The Oregon State University Board of Trustees voted to raise tuition last Friday in a direct response to the rising costs of… stuff. Students with Oregon residency will be facing a four percent increase, while those from out of state will see a two percent increase. Thankfully, students love to have panic attacks about debt before they fall asleep every night, and find it quite pleasurable to spend their down time thinking about how great life would have been if they had just skipped college altogether and settled for a meaningful, blue collar existence. Some graduate and doctoral students have refuted this point of view, claiming that they’re glad to be making $80,000 a year while being forced to live in one-room studio apartments due to student loan costs. Also, while we’re on the topic, people love to stub their toes, find flies in their soup, and watch House Hunters.
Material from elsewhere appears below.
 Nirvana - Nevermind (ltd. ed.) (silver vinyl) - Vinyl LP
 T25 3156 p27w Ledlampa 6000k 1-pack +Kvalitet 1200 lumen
Last Wednesday, police were called to the Goodwill on 9th Street when some dude tried to use a fake $20 bill. While this gave other Goodwill chapters cause to wonder whether or not they could somehow start paying disabled people with fake money instead of the pennies on the hour they’re already getting, said dude escaped the scene before he could be interviewed.
Cougar sightings have apparently been on the rise in Albany, but before you puke into your shirt, know that we’re talking about animals here, not the shambling horrors found digging through the Walmart DVD bargain bin at three in the morning, smelling of sports bar and scented candle.
A Corvallis dude was recently arrested in connection with the murder of a woman in Alsea. It seems pertinent to note that his goatee makes it look like he’s been eating poop out of the toilet. Innocent until proven guilty aside, please do something about that first chance you get.